The letters thread is now closed.
  • tennis anyone?

    Cary I swear you are one of the better writers. Even when discussing the most mundane of things, you seem to flirt with the cosmic, finding truth in every situation.

    As for the woman losing her beauty: it is better to have had it at all. Use the knowledge of that lucky privilege everywhere you go. It can surely make you a better person.

  • We are how we look

    It would be simplistic to say that our physical appearance dictates our personality. But it would not be wrong, either. The following is a brief discussion.

    Most people have a "normal" appearance, i.e. unexceptional, neither ugly, nor misshapen, nor outstanding in any particular way.

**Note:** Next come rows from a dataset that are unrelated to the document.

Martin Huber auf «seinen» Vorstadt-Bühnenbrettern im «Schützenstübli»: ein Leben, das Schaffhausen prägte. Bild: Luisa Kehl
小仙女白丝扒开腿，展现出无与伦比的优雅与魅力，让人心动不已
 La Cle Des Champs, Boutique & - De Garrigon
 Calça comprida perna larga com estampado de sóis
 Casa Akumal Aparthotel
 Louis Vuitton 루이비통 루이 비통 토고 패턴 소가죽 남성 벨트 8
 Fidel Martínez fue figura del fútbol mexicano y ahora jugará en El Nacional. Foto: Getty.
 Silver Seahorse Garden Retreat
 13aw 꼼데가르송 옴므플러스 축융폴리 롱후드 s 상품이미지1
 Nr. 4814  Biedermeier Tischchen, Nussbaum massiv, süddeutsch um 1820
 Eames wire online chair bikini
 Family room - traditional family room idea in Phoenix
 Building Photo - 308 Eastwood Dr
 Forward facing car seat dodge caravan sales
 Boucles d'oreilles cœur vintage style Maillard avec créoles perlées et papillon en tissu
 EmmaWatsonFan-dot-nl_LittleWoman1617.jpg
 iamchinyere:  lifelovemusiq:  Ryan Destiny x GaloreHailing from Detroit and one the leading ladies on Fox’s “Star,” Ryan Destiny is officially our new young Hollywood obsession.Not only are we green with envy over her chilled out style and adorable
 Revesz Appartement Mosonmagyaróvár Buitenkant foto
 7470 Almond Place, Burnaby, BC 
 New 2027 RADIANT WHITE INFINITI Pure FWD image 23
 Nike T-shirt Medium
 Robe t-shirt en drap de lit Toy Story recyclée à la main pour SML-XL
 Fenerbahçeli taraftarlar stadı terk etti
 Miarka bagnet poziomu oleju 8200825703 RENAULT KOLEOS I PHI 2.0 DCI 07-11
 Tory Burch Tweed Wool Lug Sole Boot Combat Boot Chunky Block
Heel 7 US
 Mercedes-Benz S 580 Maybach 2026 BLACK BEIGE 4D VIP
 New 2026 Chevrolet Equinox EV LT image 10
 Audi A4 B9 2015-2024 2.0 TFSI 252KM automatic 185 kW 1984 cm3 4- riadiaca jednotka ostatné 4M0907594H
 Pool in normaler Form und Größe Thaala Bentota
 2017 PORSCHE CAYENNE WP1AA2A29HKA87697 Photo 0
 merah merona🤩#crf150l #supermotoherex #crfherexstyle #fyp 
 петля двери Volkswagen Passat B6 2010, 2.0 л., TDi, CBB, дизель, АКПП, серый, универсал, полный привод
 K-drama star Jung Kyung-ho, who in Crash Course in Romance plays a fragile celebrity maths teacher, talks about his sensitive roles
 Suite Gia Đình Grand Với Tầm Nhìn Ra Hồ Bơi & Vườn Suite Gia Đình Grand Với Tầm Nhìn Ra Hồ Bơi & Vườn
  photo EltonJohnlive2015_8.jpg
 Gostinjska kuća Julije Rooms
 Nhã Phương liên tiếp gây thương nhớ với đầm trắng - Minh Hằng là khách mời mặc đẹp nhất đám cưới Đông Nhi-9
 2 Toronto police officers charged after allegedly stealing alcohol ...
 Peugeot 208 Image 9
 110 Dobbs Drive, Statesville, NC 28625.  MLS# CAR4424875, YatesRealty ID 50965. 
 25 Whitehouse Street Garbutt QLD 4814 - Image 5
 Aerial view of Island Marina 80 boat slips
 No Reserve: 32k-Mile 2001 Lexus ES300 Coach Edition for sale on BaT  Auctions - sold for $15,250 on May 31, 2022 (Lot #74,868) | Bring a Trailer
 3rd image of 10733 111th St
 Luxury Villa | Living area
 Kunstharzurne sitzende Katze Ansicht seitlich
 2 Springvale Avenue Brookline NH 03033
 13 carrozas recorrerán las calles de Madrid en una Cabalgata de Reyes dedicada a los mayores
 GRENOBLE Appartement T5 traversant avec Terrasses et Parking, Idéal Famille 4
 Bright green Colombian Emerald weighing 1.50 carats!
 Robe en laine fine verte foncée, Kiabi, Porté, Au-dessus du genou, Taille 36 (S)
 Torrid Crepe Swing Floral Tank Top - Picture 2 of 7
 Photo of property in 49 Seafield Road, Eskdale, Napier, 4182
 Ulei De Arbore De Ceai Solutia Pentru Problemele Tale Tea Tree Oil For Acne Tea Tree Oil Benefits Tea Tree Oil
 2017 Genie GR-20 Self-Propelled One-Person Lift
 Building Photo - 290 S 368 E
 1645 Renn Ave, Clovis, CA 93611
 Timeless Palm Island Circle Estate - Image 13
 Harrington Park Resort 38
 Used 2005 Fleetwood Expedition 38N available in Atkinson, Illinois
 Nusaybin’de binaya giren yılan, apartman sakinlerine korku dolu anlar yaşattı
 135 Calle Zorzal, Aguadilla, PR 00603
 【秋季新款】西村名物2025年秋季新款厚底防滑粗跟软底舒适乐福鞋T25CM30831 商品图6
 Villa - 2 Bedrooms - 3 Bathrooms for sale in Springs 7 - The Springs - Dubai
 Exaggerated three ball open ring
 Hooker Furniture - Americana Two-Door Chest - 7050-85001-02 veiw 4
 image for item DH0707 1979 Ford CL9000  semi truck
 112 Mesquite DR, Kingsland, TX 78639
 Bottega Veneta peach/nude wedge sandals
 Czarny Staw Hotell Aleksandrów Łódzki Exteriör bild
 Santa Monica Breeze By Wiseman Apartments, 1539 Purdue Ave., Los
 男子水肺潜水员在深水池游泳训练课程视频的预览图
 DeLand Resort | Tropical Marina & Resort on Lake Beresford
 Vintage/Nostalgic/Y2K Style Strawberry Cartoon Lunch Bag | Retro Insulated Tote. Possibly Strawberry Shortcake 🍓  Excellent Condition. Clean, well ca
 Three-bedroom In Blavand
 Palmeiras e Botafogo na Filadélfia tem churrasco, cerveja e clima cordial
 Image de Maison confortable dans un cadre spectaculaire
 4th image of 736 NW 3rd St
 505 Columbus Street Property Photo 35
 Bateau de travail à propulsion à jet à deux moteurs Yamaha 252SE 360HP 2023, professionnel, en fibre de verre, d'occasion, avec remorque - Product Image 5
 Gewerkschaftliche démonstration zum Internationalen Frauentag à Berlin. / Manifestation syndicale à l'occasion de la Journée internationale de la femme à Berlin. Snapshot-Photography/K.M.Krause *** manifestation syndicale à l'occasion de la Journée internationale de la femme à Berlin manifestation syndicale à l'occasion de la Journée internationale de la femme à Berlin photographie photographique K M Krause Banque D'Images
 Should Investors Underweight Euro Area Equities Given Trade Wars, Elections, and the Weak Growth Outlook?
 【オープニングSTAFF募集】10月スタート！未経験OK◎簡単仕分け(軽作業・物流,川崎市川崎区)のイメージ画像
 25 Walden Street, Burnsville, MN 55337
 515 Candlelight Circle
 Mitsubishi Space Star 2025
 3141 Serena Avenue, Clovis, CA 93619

I am ignoring for this discussion the gawky teen years when growth patterns can cause a person to look "funny" or "weird" or otherwise "remarkable" for a few years, then it passes. There are consequences to those years, but that is the subject of a more detailed study.

    When one has a physical appearance that is remarkable by itself, that becomes a significant factor in shaping personality. A particularly ugly person will respond in one way or another, with anger, withdrawal, depression, or some other way, but it will be in large part a reaction to the way other people respond to that ugly person's physical appearance. Fair? Of course not. Just observing that we all know that happens routinely.

    Another way to be outstanding physically is to be noticeably good looking. The effect is magnified for a good looking girl. As she fills out and boys begin to respond to the shape and appearance of women sexually, the look and shape of a pretty woman becomes a way of involuntarily affecting powerfully the peple around her. As she becomes self aware, she has to respond to that effect in some way internally. The people around her confuse her physical appearance with who she is - e.g. a boy "has a crush" on a beautiful girl primarily because she is beautiful, while he fills out the rest of the story who she is as a person essentially from nursery rhymes. He wants to believe the best about her because she is beautiful. Think what pressure that creates for her.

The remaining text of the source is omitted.